◆ What is being asked: Beginning with the line that contains "FENDI Zucca Canvas", restate each line below through the final one exactly, and exclude the pictures.

◆ Source material:

=== Section Start ===

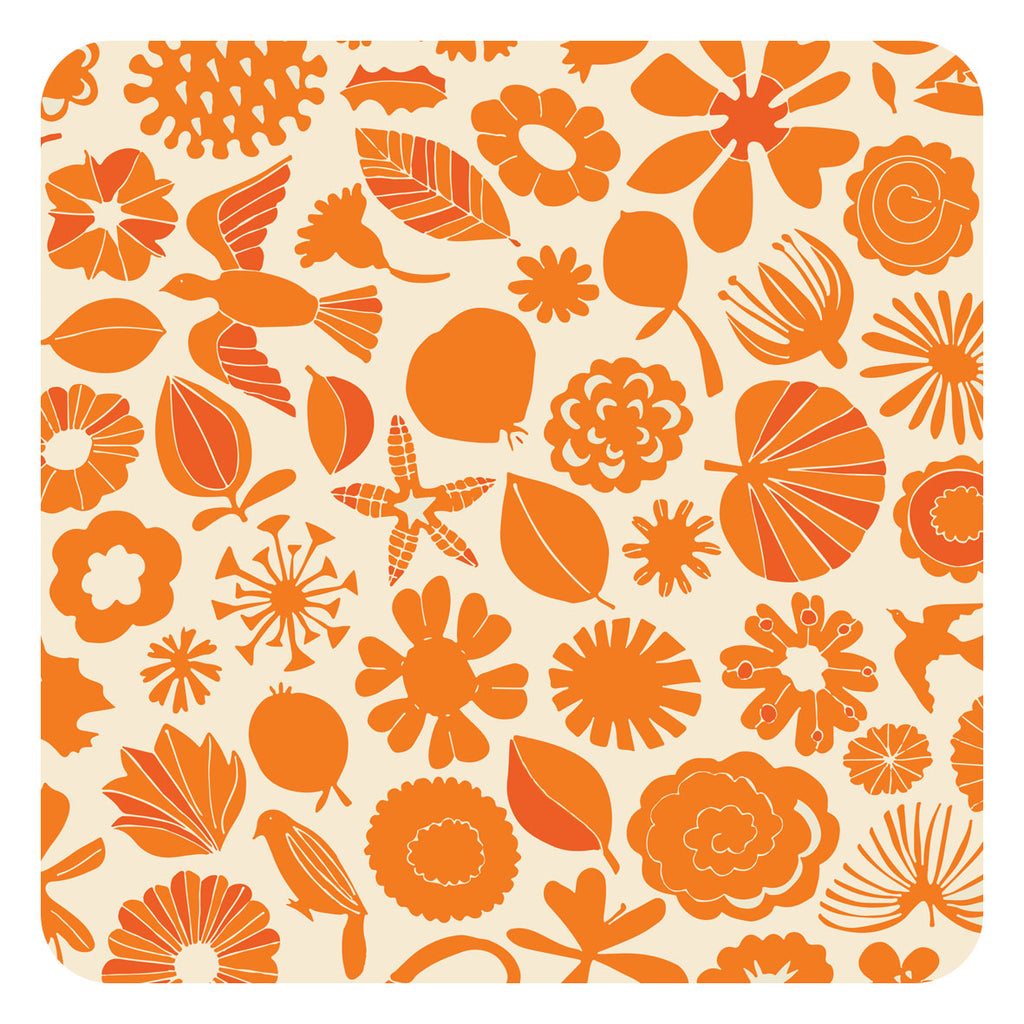 Magic Garden by Lindsay Marsden: Orange design square table mat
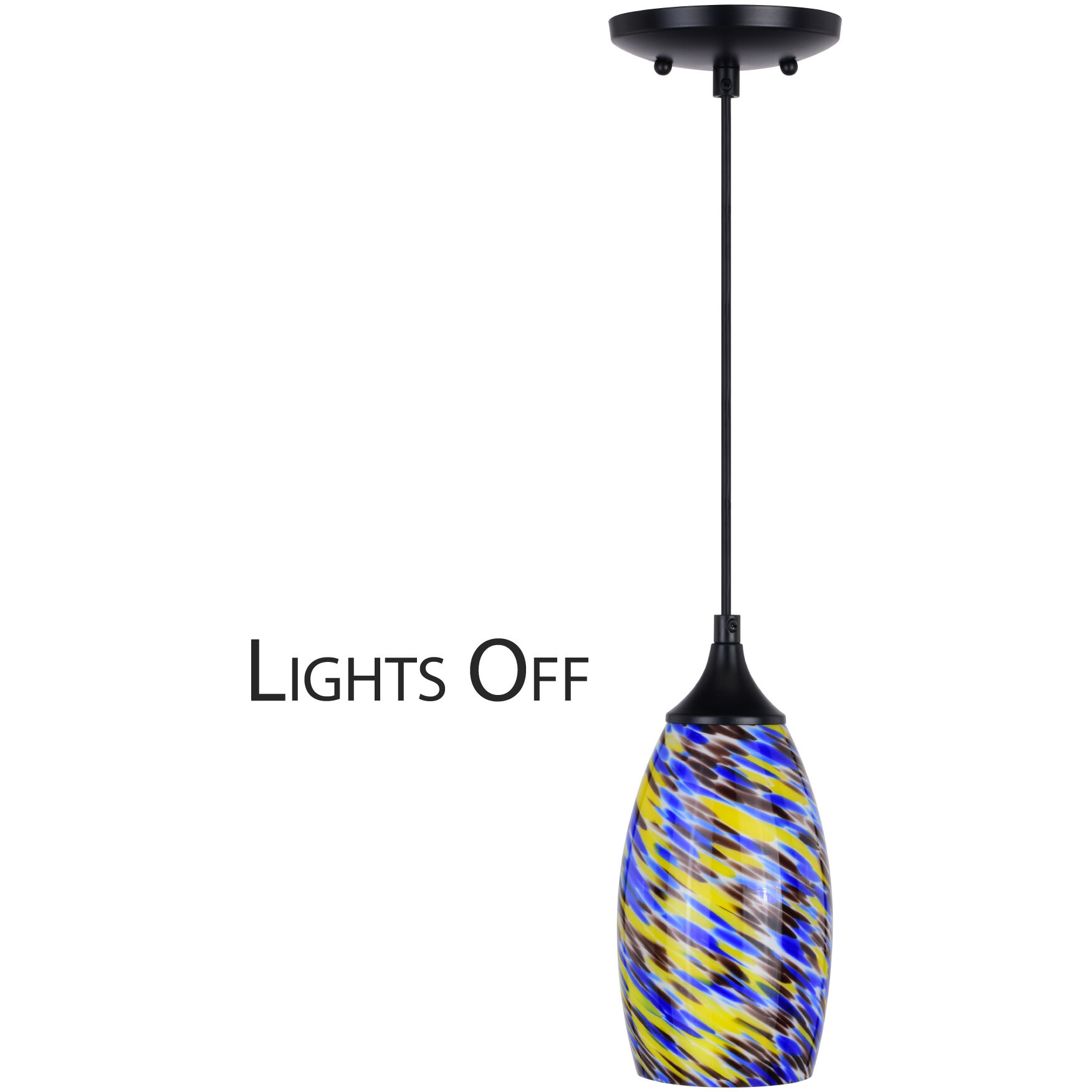 Milano LED 4.75 inch Matte Black Mini Pendant Ceiling Light in Terra Tide Glass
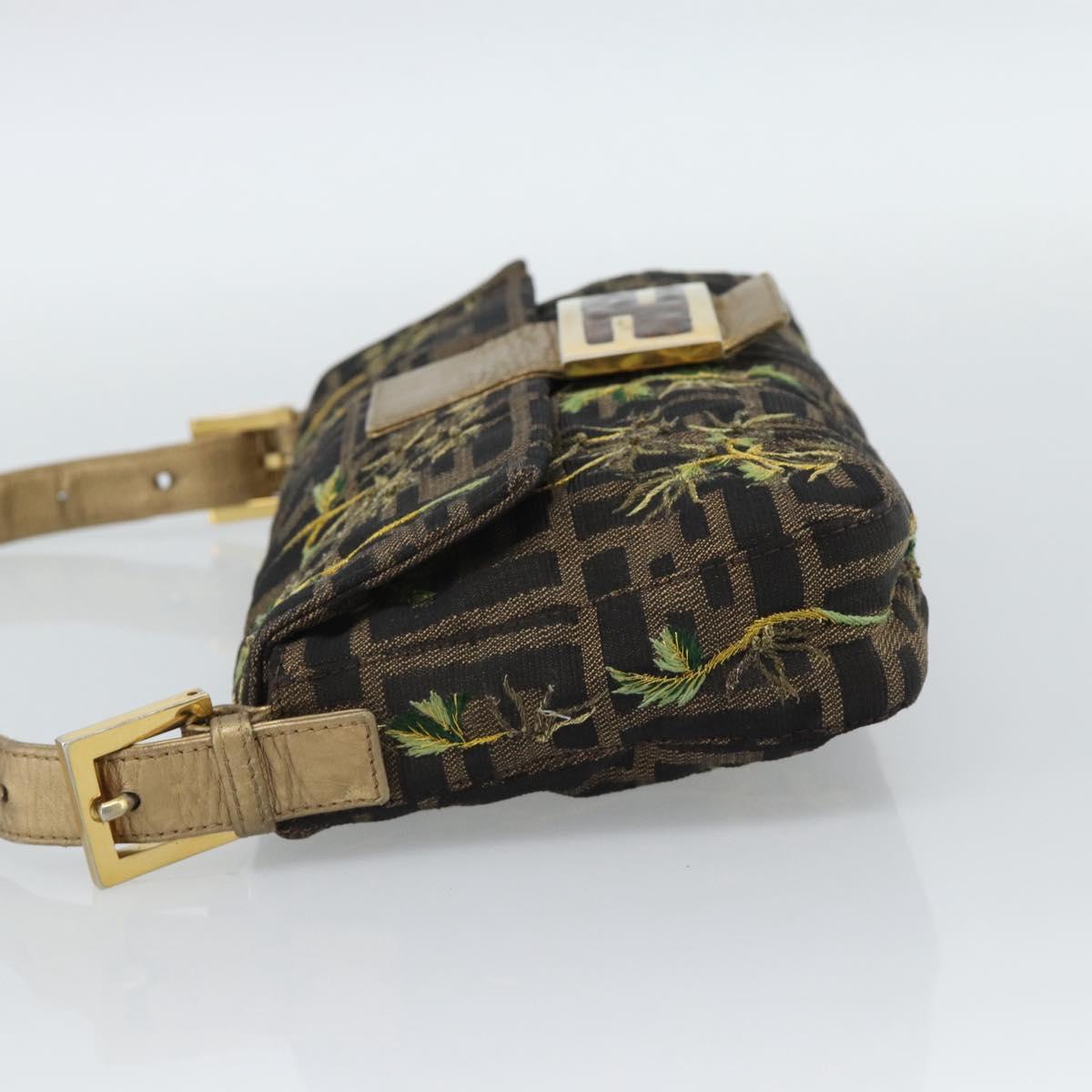 FENDI Zucca Canvas Mamma Baguette Shoulder Bag Black Gold Brown Auth 187451SM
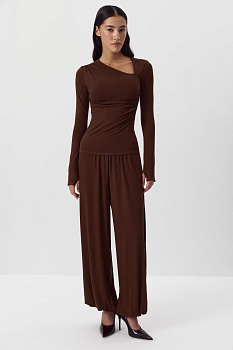 Джоггеры из вискозы (горький шоколад)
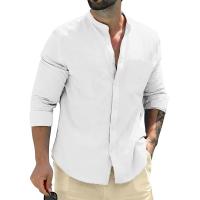 Camisa De Algodón Para Hombre Manga Larga Botones Colar Encogido Estilo Casual Negocios Primavera Otoño Camisas De Moda - details 3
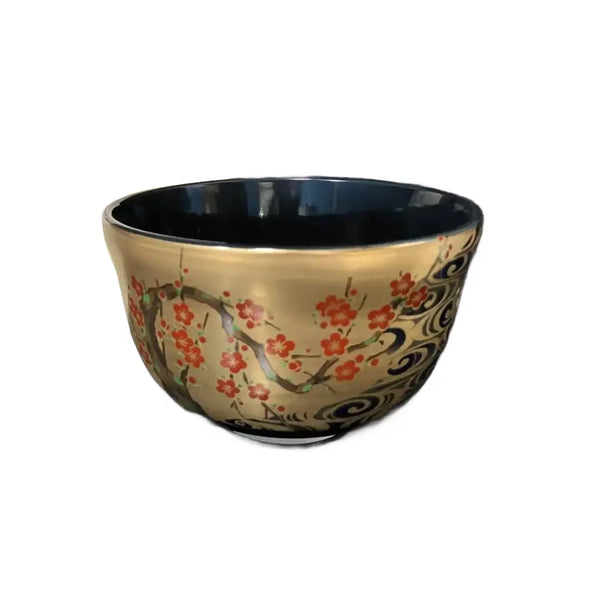 手工茶碗金梅花設計獨特抹茶茶杯碗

=== Section End ===

◆ Result of the task:
 FENDI Zucca Canvas Mamma Baguette Shoulder Bag Black Gold Brown Auth 187451SM
 Джоггеры из вискозы (горький шоколад)
 Camisa De Algodón Para Hombre Manga Larga Botones Colar Encogido Estilo Casual Negocios Primavera Otoño Camisas De Moda - details 3
 手工茶碗金梅花設計獨特抹茶茶杯碗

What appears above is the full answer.